Exactly reproduce the lines from the one containing "Building Photo - 176 Snell St" through the last line of the data, both ends included, leaving out pictures.

Start of DATA IN THIS EXERCISE

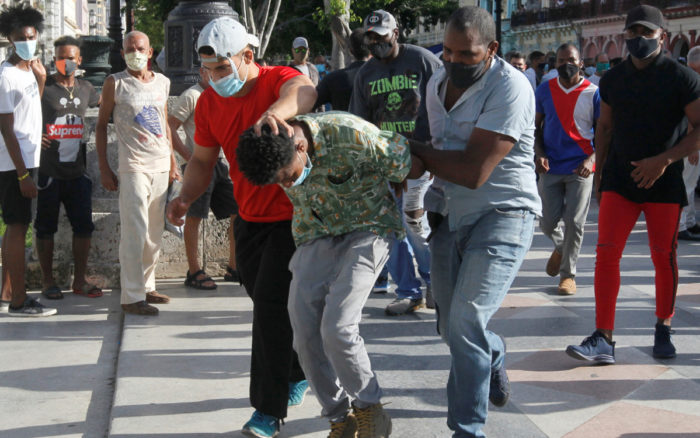 Amnistía Internacional destaca ‘histórica’ jornada de movilización en Cuba y condena la represión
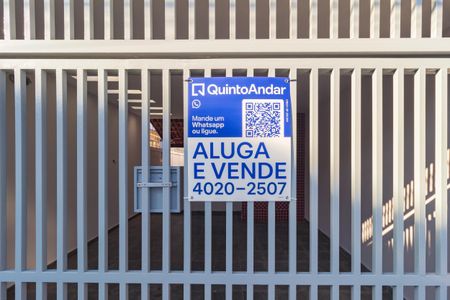 Casa à venda com 286m², 3 quartos e 2 vagas Casa à venda com 286m², 3 quartos e 2 vagasPlaquinha instalada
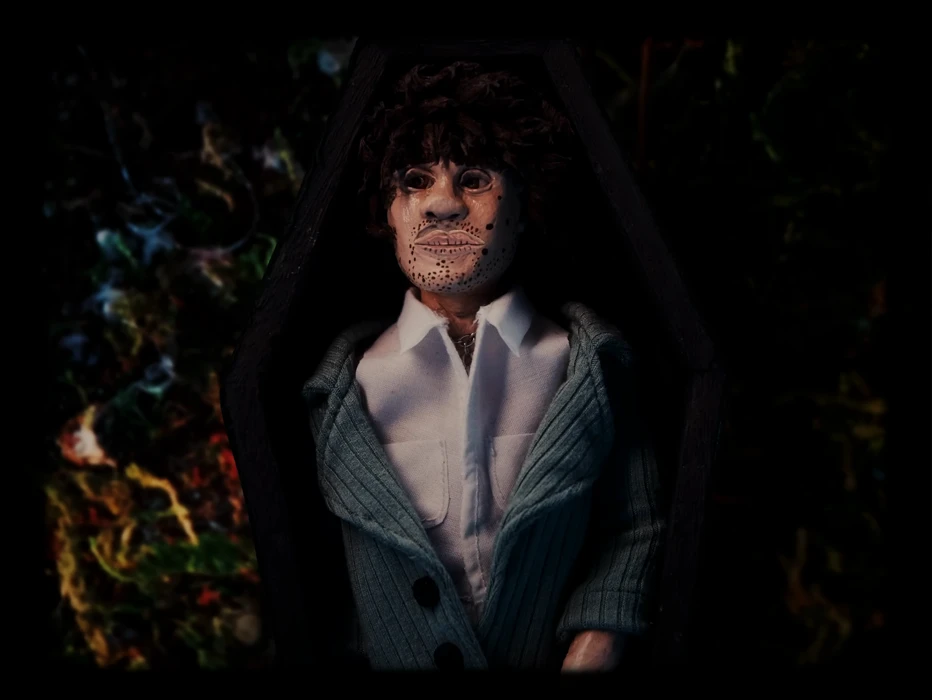 Still frame 17 from Roe Kapara - "The Dead Come Talking" (2023) directed by Raul Rosco Guerrero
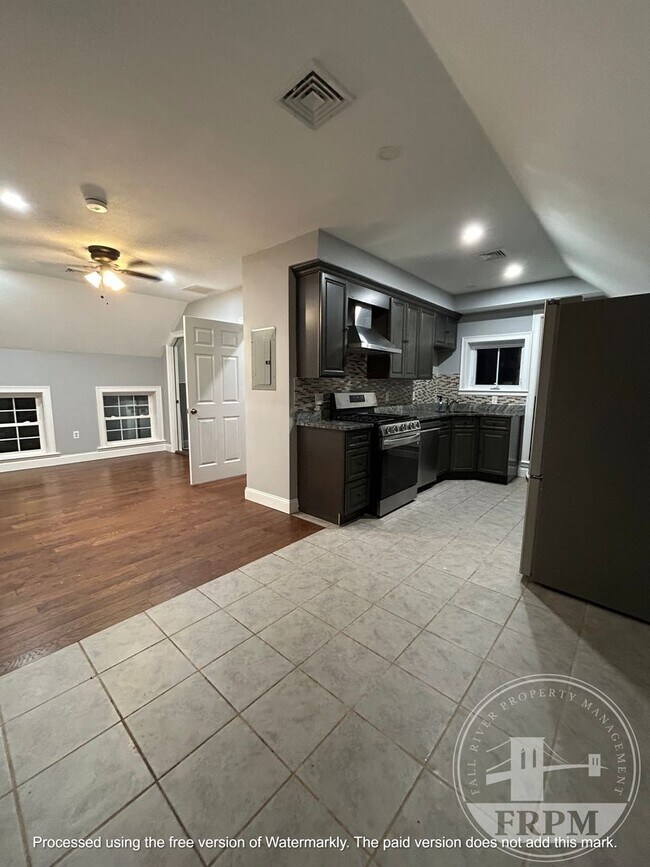 Building Photo - 176 Snell St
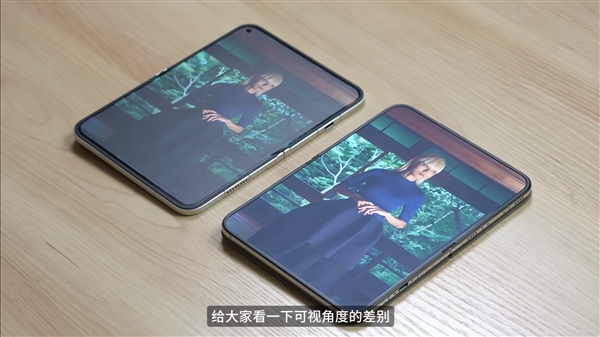 博主测iPhone Duo时给小米18 Fold额外贴磨砂膜对比：网友怒批被拉黑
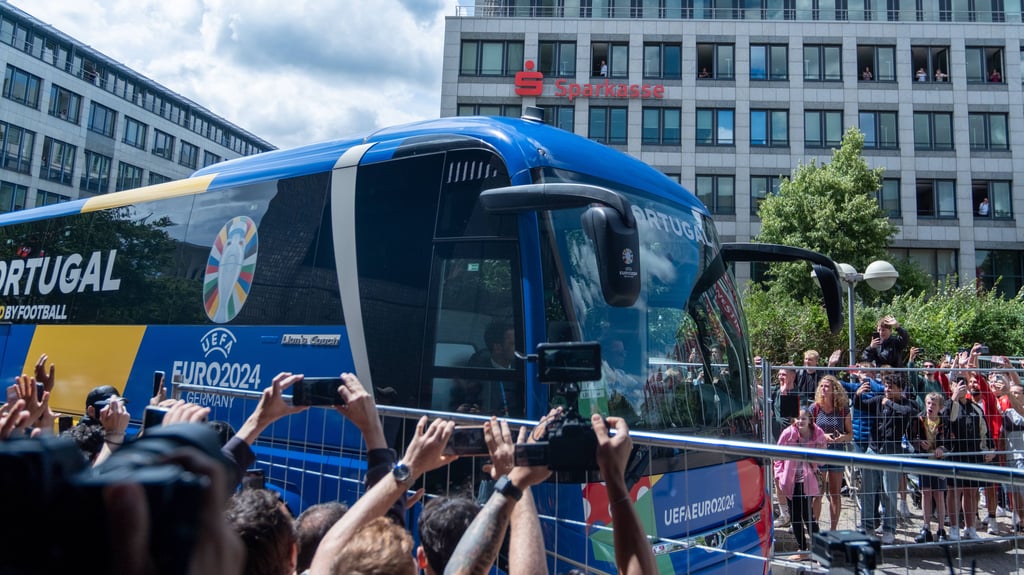 Fans und Journalisten haben den portugiesischen Teambus im Blick.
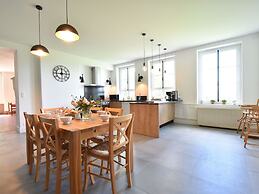 Pleasant Cottage in Asnieres With Terrace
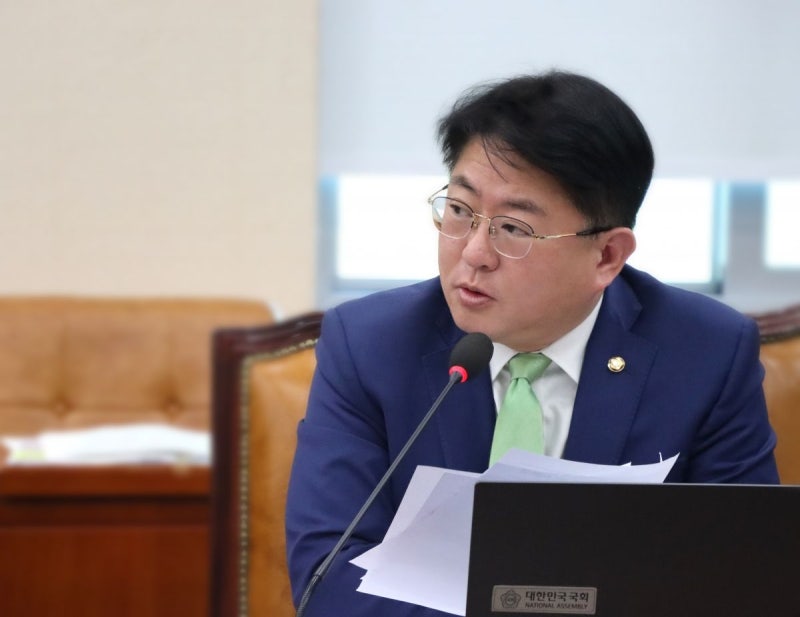 與, ‘<b>지역화폐</b> <b>성과급</b> 지급’ <b>법안</b> 철회
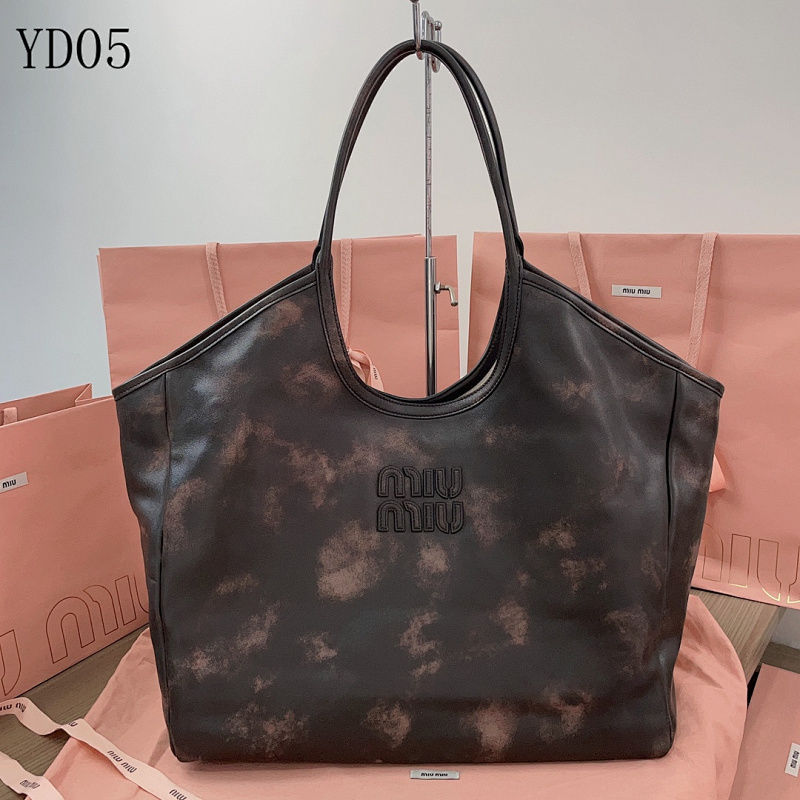 MiuuMiuu 5BG276 Isetan Limited Tote Bag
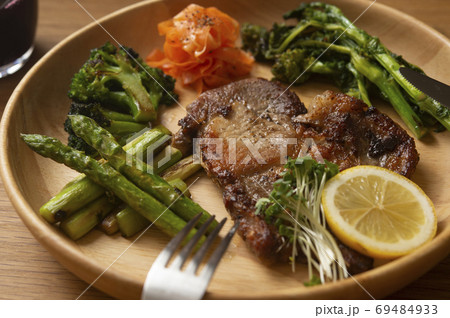 豚肉と野菜のソテー 69484933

End of DATA IN THIS EXERCISE

- **ANSWER TO THE PROBLEM**
 Building Photo - 176 Snell St
 博主测iPhone Duo时给小米18 Fold额外贴磨砂膜对比：网友怒批被拉黑
 Fans und Journalisten haben den portugiesischen Teambus im Blick.
 Pleasant Cottage in Asnieres With Terrace
 與, ‘<b>지역화폐</b> <b>성과급</b> 지급’ <b>법안</b> 철회
 MiuuMiuu 5BG276 Isetan Limited Tote Bag
 豚肉と野菜のソテー 69484933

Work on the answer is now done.